■ **STORED DATA**:
══════

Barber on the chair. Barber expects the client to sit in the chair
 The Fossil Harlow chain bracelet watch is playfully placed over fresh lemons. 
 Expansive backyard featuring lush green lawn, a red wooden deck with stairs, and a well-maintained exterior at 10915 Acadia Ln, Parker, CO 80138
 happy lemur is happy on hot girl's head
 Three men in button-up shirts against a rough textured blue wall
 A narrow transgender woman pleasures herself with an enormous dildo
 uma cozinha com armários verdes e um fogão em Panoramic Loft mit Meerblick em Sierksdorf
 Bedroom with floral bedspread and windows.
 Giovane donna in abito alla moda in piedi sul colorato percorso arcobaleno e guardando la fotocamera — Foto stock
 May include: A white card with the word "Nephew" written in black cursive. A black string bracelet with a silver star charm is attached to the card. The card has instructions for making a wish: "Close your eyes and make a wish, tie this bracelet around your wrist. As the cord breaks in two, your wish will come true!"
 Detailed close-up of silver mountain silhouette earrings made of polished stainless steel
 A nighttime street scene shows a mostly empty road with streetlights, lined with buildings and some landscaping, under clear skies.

══════

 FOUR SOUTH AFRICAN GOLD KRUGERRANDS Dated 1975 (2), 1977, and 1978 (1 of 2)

══════

■ **INSTRUCTIONS FOR THE TASK**: From the records above, transcribe without alteration every line from the one with "Three men in" to the one with "Giovane donna in", inclusive.

■ **RESULT**:
 Three men in button-up shirts against a rough textured blue wall
 A narrow transgender woman pleasures herself with an enormous dildo
 uma cozinha com armários verdes e um fogão em Panoramic Loft mit Meerblick em Sierksdorf
 Bedroom with floral bedspread and windows.
 Giovane donna in abito alla moda in piedi sul colorato percorso arcobaleno e guardando la fotocamera — Foto stock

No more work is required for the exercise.